Your answer should be the exact lines of the data below from the one containing "Solution nissan ROGUE" through the one containing "Waterproof Digital Watch"; please include nothing else.

(Short descriptive text snippets)
::::::::

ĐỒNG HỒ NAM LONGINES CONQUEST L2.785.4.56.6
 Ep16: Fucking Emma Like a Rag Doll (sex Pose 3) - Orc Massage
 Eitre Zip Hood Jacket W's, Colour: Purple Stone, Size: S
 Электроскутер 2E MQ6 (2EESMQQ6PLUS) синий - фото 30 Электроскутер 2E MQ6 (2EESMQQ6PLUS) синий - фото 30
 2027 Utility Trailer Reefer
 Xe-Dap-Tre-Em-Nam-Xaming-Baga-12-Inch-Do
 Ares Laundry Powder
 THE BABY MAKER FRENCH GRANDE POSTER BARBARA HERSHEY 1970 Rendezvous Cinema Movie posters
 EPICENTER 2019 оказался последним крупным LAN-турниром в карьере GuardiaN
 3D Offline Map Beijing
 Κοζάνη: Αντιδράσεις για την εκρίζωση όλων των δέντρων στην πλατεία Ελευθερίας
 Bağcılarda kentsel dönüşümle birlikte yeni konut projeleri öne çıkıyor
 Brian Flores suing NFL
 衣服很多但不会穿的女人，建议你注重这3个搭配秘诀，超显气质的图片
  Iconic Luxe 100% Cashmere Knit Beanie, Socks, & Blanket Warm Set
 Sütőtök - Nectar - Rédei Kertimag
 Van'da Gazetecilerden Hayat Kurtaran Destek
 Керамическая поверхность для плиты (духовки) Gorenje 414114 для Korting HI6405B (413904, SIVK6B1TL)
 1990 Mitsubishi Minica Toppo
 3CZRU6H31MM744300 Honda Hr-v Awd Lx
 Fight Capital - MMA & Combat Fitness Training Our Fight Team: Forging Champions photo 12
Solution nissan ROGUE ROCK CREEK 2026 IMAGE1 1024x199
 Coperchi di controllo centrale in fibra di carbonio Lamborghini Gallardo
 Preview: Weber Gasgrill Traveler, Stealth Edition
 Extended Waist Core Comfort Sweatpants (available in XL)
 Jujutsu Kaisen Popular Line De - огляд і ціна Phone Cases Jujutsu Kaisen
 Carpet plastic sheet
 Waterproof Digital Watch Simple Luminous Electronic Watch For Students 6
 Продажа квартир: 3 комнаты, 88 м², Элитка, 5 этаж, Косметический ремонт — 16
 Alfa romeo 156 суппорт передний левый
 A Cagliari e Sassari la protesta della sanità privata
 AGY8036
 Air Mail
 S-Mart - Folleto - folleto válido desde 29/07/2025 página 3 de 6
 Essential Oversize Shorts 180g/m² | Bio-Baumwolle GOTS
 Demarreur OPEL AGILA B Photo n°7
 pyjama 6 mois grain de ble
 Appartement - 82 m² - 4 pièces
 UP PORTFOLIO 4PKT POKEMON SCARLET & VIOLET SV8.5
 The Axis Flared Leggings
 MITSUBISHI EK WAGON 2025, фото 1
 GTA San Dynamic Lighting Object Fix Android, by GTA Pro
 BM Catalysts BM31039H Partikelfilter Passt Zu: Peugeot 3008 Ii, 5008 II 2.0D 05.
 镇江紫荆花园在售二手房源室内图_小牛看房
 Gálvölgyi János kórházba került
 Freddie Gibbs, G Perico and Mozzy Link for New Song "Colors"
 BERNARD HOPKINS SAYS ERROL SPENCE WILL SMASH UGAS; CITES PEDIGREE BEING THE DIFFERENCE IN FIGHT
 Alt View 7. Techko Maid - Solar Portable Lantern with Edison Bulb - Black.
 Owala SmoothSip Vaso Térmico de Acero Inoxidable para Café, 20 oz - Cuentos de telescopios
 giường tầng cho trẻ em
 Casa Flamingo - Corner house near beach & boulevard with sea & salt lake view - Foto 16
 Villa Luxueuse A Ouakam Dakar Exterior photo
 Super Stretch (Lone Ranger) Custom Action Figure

::::::::

» Written response
Solution nissan ROGUE ROCK CREEK 2026 IMAGE1 1024x199
 Coperchi di controllo centrale in fibra di carbonio Lamborghini Gallardo
 Preview: Weber Gasgrill Traveler, Stealth Edition
 Extended Waist Core Comfort Sweatpants (available in XL)
 Jujutsu Kaisen Popular Line De - огляд і ціна Phone Cases Jujutsu Kaisen
 Carpet plastic sheet
 Waterproof Digital Watch Simple Luminous Electronic Watch For Students 6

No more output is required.